Architecture
01 — Architecture
FlareDispatch deploys as a single Worker — the Dispatcher — into the user’s own Cloudflare account. Around it sit three tiers: a control plane that routes triggers and orchestrates durable execution, a data plane where test code actually runs, and a storage tier for cache, artifacts, logs, and metadata.
This spec describes those pieces and the design model that ties them together — components, responsibilities, data flow, and the platform constraints that shape the design.
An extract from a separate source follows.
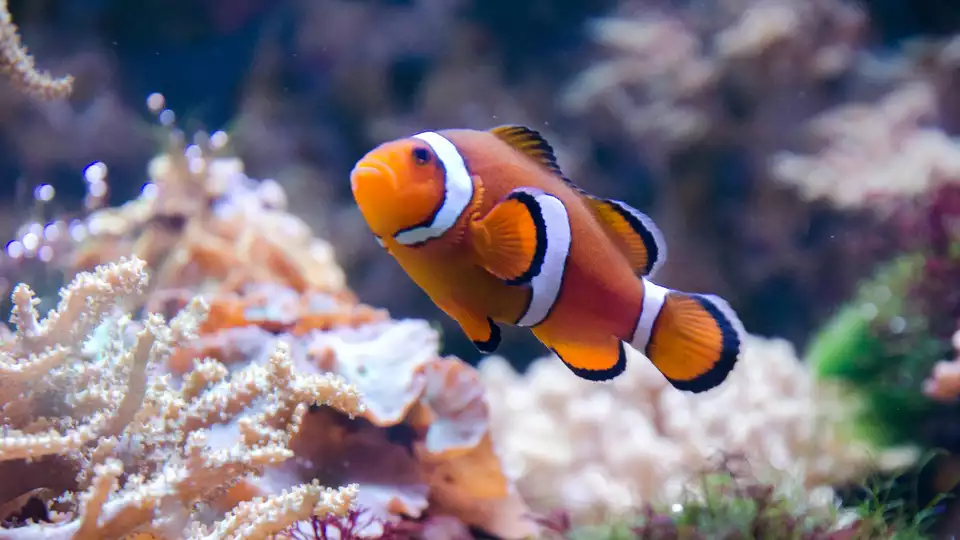 Partez a la decouverte de la splendeur du monde marin entree a l aquarium de Lyon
It stays at the conceptual level: concrete binding names, wrangler config, and the D1 DDL are deployment artifacts and live in 05-byoc; the roadmap and V0 build order are in pm/plan.
Components
flowchart TB
subgraph GH[GitHub]
GHA[Actions workflow]
APP[GitHub App<br/>installation]
CHK[Check Runs API]
end
subgraph CF[Cloudflare account — self-hosted]
subgraph CP[Control plane]
DSP[Dispatcher Worker<br/>authenticate, route, dedup]
WF[Workflow Engine<br/>one durable instance per execution]
CO[Coordinator DO<br/>fan-out result aggregation]
end
subgraph DP[Data plane]
SB[Sandbox / Container<br/>git, install, test]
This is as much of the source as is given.